A reflection on leaving, returning and the love that goes beyond space and time
The world is upside down. And yet — paradoxically, unexpectedly — my inner world has never felt more beautifully attuned. The weeks before, during and after my recent travels brought a depth of connection with humans and animals alike that moved me deeply. A groundedness I hadn't expected. And a recurring reference to light — in myself, in the people around me, in the most ordinary moments.
The leaving
I almost didn't go. With bombs flying over Jordan, leaving my desert bubble felt more challenging than usual. I already find it hard to leave my furry family and the particular silence of this land. But I had paid for a Systemic Ritual training in Berlin with Daan van Kampenhout. My mother had fallen and was asking for me. And I know from experience that when I travel, meet people I love and come back inspired — and full of Dutch food — something in me resets. Still, I hesitated.
It was the horses and dogs who resolved it. In that way they always do — without words, without agenda. They simply pulled me into their heart space. Presence, cuddles, play. I felt myself drop into heart coherence. And from that place, the clarity came: I needed to do what felt right for me.
I constellated the options. Energetically it was clear. I had to go. So with a big yes in my heart and a rather squeezed bum, I flew from Aqaba to Cairo and on to Berlin.
The arriving
The Systemic Ritual group was beautiful. I arrived so present that several people commented on my radiance — which still makes me smile. Then on to my mother, to friends, to the particular richness of Dutch winter light and long kitchen table conversations. My mother finally understood that I am held. That she doesn't need to worry. That felt like a completion of something long in the making.
The crack
And then — one photograph of my cat Nunoush, sick as I had never seen him, shattered that radiance like a stone through glass. He was rushed to the vet. I was far away. The people around me didn't quite understand the depth of bond I have with my animals — but from unexpected corners, support arrived. That held me enough to stay present where I was, to arrange care, and to do what I know how to do: create ritual, send heart connection, hold him energetically across the distance.

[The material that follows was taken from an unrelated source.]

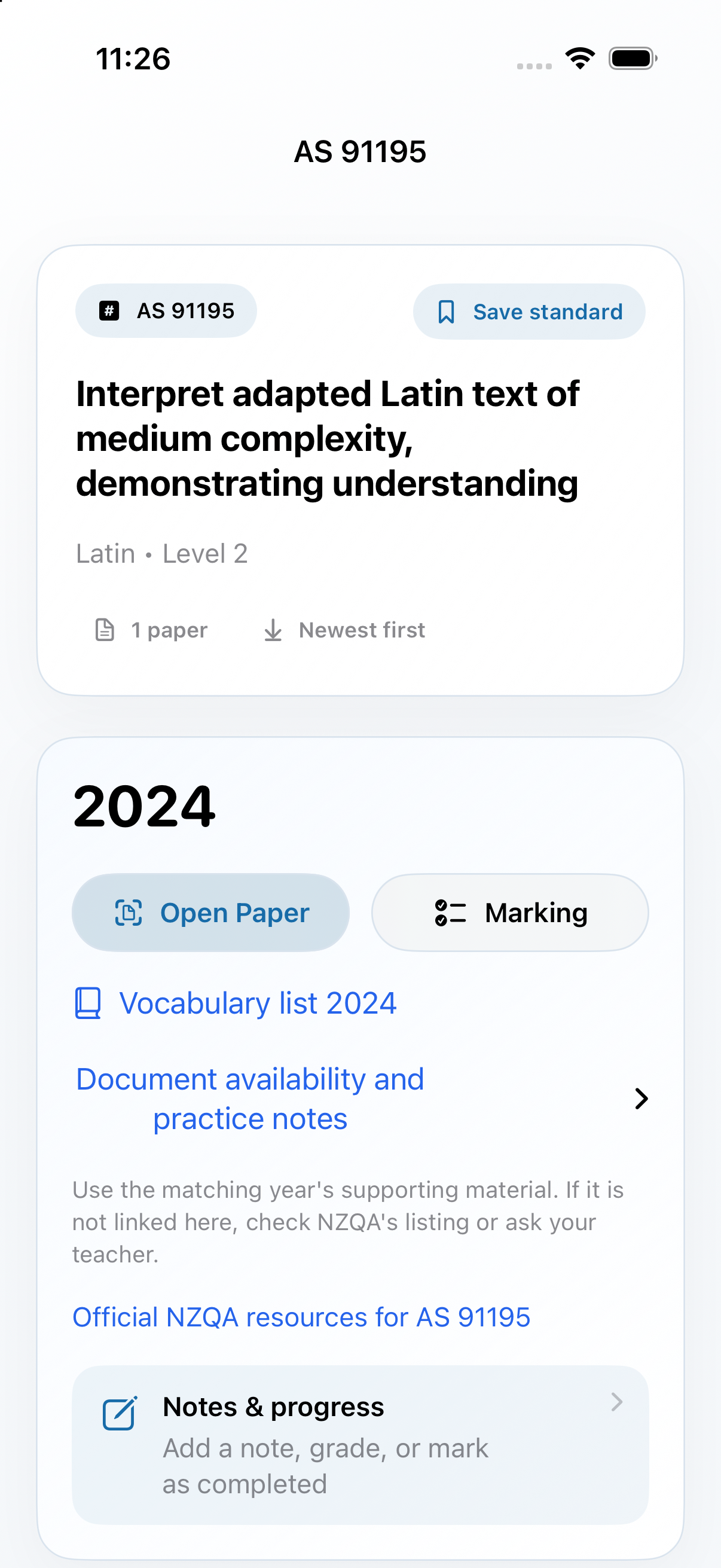 NCEA Papers iOS app showing a standard, exam paper and marking schedule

And then something became very clear to me. I had gone away. I had arranged practical care. But I had dropped the thread of energetic connection — the bond that goes beyond space and time. I had assumed physical distance meant I could let that go. I was wrong. He felt it. Animals always do.
The learning
I resisted the urge to run home. Instead I went to a 5Rhythms class and danced — through resistance, through grief, through the rhythms until something loosened and wisdom rose from beneath all of it. What came through was simple and profound:
Only when we are truly present are we connected with all that is.
When I dance, when I am fully in my body and my heart — I am connected with my loved ones across any distance. They sense this. Not consciously, perhaps. But the field knows. I kept my heart open. I stayed. I trusted.
The returning
I arrived back in Jordan with my heart wide open, my boundaries clear, and a quiet inspiration running through everything. Nunoush is home. He is soaking up my energy — and quite a lot of chicken — and slowly, steadily finding his way back.
And I am reminded, once again, of what the animals have always taught me:
Love flows when we surrender. Healing happens when we stay connected. And the bond between us and the creatures we love — it does not require proximity. It requires presence. That is the teaching. That is also the gift of Spring.